Still, life is not all fun and laughs for a prompter. The kambousha has exerted its physical toll on Sayed, who has vertebral pains as a result of "being squashed in this small hole for five or more hours each day, sweating under the stage lights. And I did this for more than 10 years." But even from backstage or during rehearsals, prompting can be what Ayman calls "a killer job." No matter how demanding a role can be, a theatre actor can often afford to take short breaks as other actors take centre stage. But a prompter who dares to take a break would be told to take a hike by the producer. "You have to be alert all the time during rehearsals and performances. Sometimes, you have to repeat a line more than five times to a forgetful actor during rehearsals. So you need to be extremely patient. And you really have to love this job to be able to stick to it," Ayman says.

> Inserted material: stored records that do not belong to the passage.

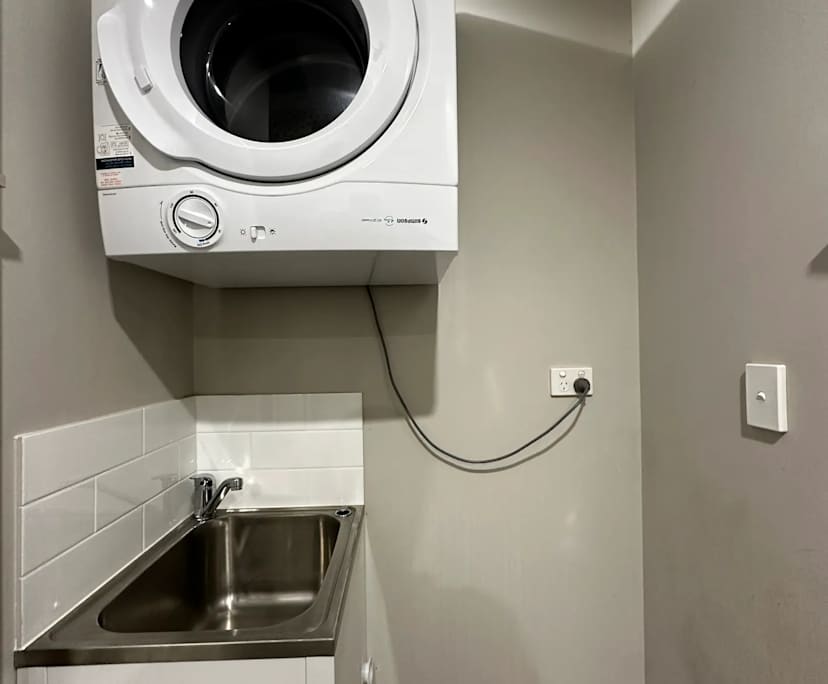 $1,020, 1-bed, 1 bathroom, Zetland NSW 2017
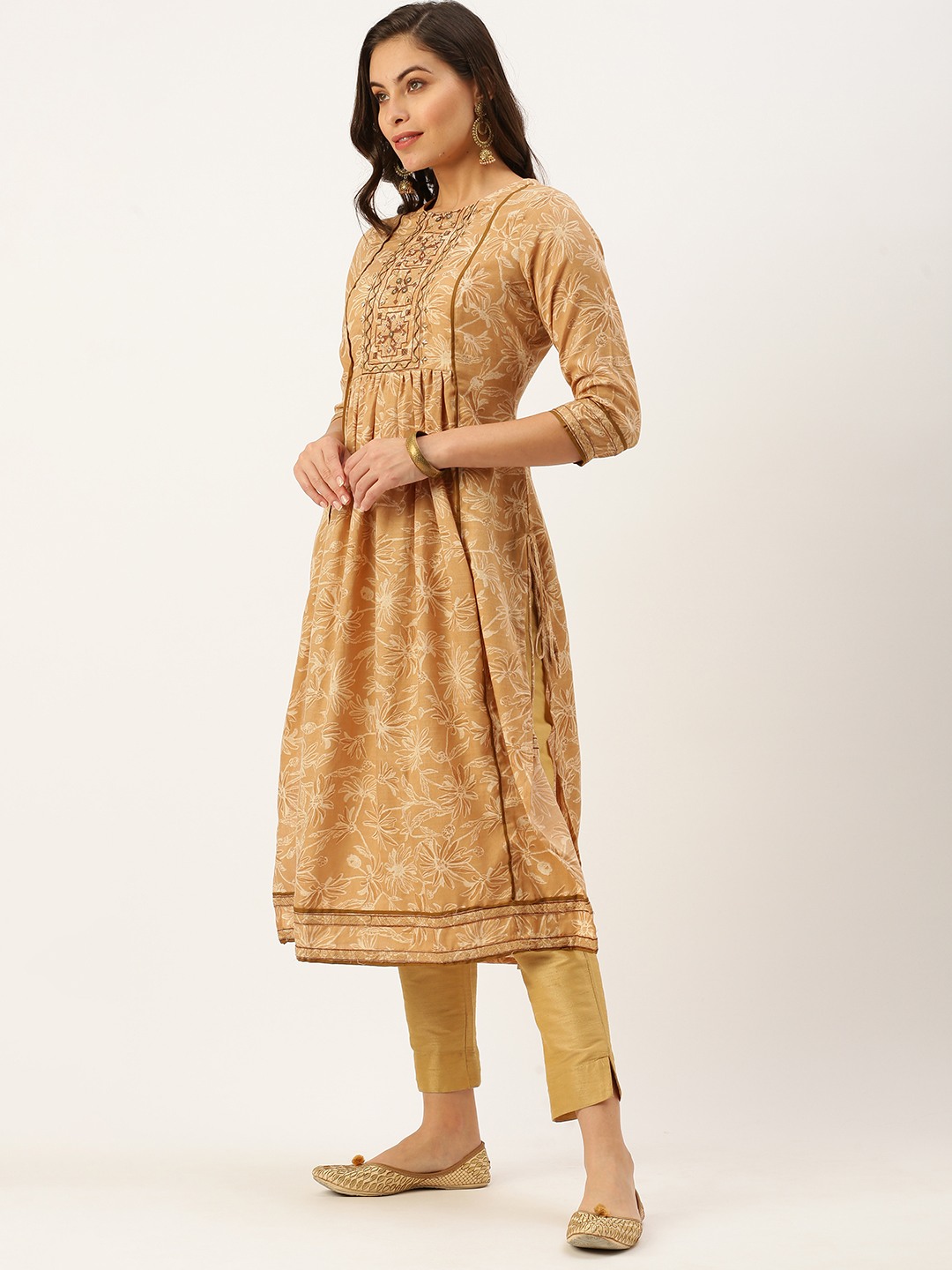 Women's Beige Cotton Printed Comfort Fit Kurtas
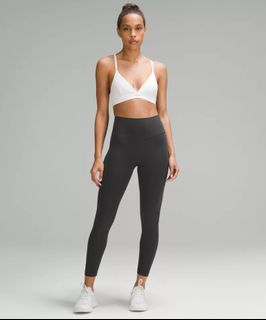 (Category: ) located in . Submitted by clothesforcash (Listing ID 1428911413, Image 1). Description: .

Yet love alone is not enough to keep the Khattabs going. With the disappearance of the kambousha, prompting is now a dying profession. Fully aware of a not-so-bright future, Sayed and Ayman are now turning to script-writing and acting respectively. Sayed even acknowledges that backstage prompters should not stay on longer than the first 15 to 20 days of a performance, until all the actors have learned their parts perfectly. He asserts firmly that "any actor who depends solely and fully on the prompter should stay at home instead." Nor is Sayed bothered by the fact that many actors who are "especially sweet" to him during rehearsals and the first few days of a performance look the other way if they cross paths with him afterwards, when they no longer need his backstage support. Far from looking upon himself as an anonymous solider, Sayed feels empowered by his profession. "There are many actors in a play, but there is only one prompter," he says. "And all of them depend on me. I don't need them. They need me. And only I can tell when an actor can be left to depend on himself [memorising the script]."

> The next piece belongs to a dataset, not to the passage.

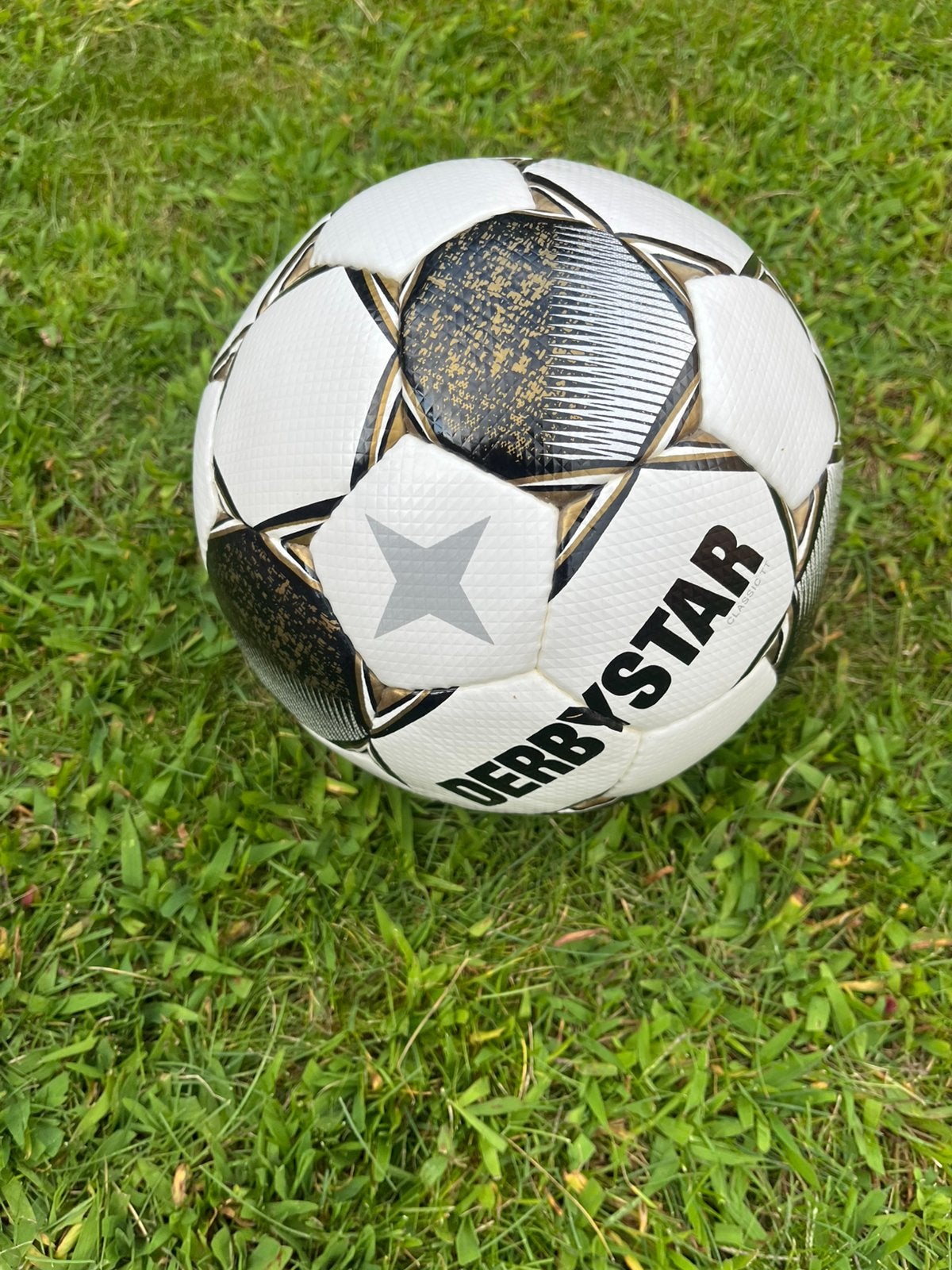 DERBYSTAR Classic Voetbal -Size 5- NIEUW !, Maat XS of kleiner, Ophalen of Verzenden, Nieuw, Bal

He indulges in the satisfaction of having saved many a fledgling actor from on-stage embarrassment. A few years back, actress Nahla Salama was called upon to act a part in a play just one day before opening night," he recalls. "She was scared to death. But I told her not to worry, that I would be close by, prompting her. You should have seen her on opening night. Her fingertips and lips were blue with fear. But half-way through the play, she started to loosen up and acted her part very well, because I was helping her all along." Small wonder, then, that when the curtain comes down and the audience cheers, Sayed and Ayman bask in the applause.